When the day does come to replace your Jeep JK Wrangler’s ball joints, you could swap them out for another set of OEM ball joints, go with cheap knockoffs, or do a proper upgrade. Our subject was a 2012 Jeep JK Unlimited set up with Dynatrac ProRock 44 axles, RCV shafts, Reid Racing knuckles, and 37-inch tires. The rig had already received a set of Dynatrac HD Ball Joints, and after about 30,000 miles of use that included a good deal of fairly severe off-road activity, we decided it was time for a rebuild. Yes, you heard that right. Instead of replacing the ball joints again, we rebuilt them with a Dynatrac HD Ball Joint rebuild kit.
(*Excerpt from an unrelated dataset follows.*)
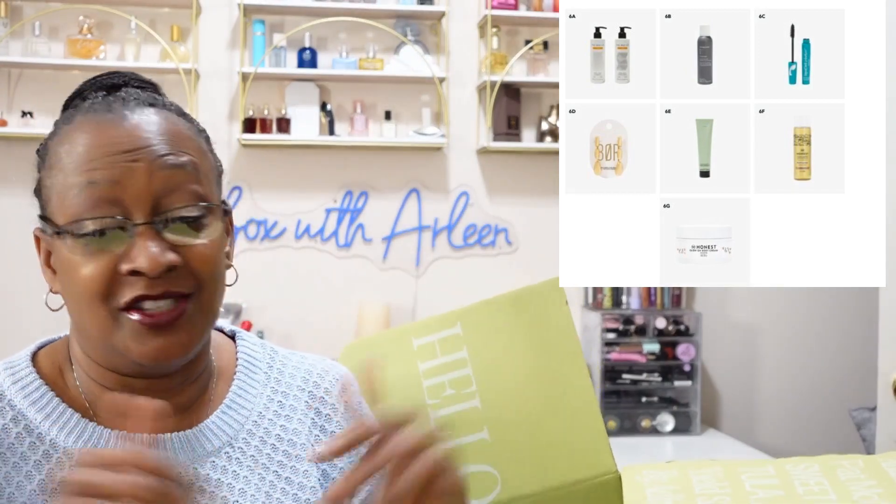What did you think of the daughter's box? These are items they selected except for the muscle gel, which the oldest daughter is definitely going to get some use out of — though I might try it too since I got to pick it. Leave me a comment down below — did you receive any of these items, did you select any for your box, and what did you think of them selecting these items? I get to keep a box for myself so I'm super excited. That's all I have for you on this video — I'll see you all on another video. Thanks for watching, bye!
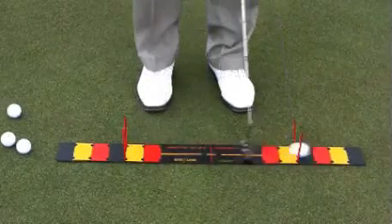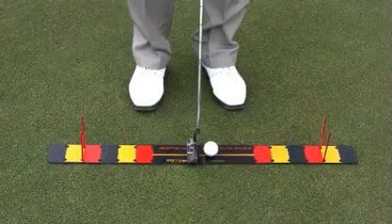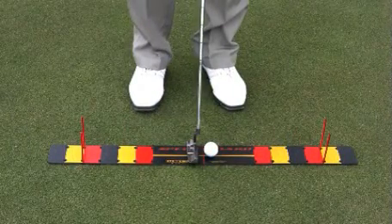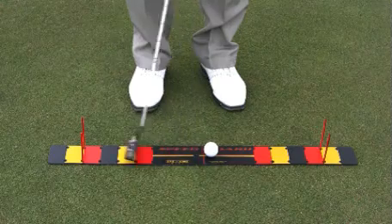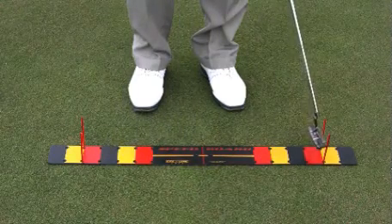Let's hit some putts using the speed board. Set up a couple of tees of proper length. We're going to hit a 15 or 20 footer, and the idea is to begin focusing attention on the ball while at the same time having feedback on the length of the stroke.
The Dynatrac HD Rebuildable Ball Joint kit features a heat-treated, high-strength billet steel body with a chromoly stem; heat-treated, precision-ground stainless steel (mil-spec) ball; proprietary seals to prevent contamination from fluids and dirt; a greaseable fitting; Teflon-coated wear points for a long duty cycle; and it’s made right here in the USA.

This cutaway example of the Dynatrac HD Rebuildable Ball Joint reveals its key features, which include a chromoly stem; heat-treated, precision-ground stainless steel ball; heat-treated, high-strength billet body; and grease fitting for serviceability.

If you throw in the time to drain the front axle of fluid, remove the wheels, get the brake calipers out of the way and hang them from the frame, take off the rotors and backing plates, remove the knuckles, and pull the axle shafts (all of which you need to accomplish so you can effectively get to the ball joints and rebuild them), it took us about six hours. So if you have all the right tools and equipment, you can rebuild or install a pair of Dynatrac HD Rebuildable Ball Joints in your garage in what will be a long day. However, the benefits will be grand.

It makes no sense to show you all of the 40-or-so steps of the rebuild. You will get all of that in the instructions that come with the rebuild kit, or you can preview the full instructions on the Dynatrac website. Be sure to read the instructions carefully before you begin your installation of new Dynatrac HD Rebuildable Ball Joints or before rebuilding your Dynatrac ball joints. The steps shown here go through some of the benefits and features of the Dynatrac HD Rebuildable Ball Joints, as well as some details about and highlights of our rebuild using the Dynatrac HD Ball Joint rebuild kit.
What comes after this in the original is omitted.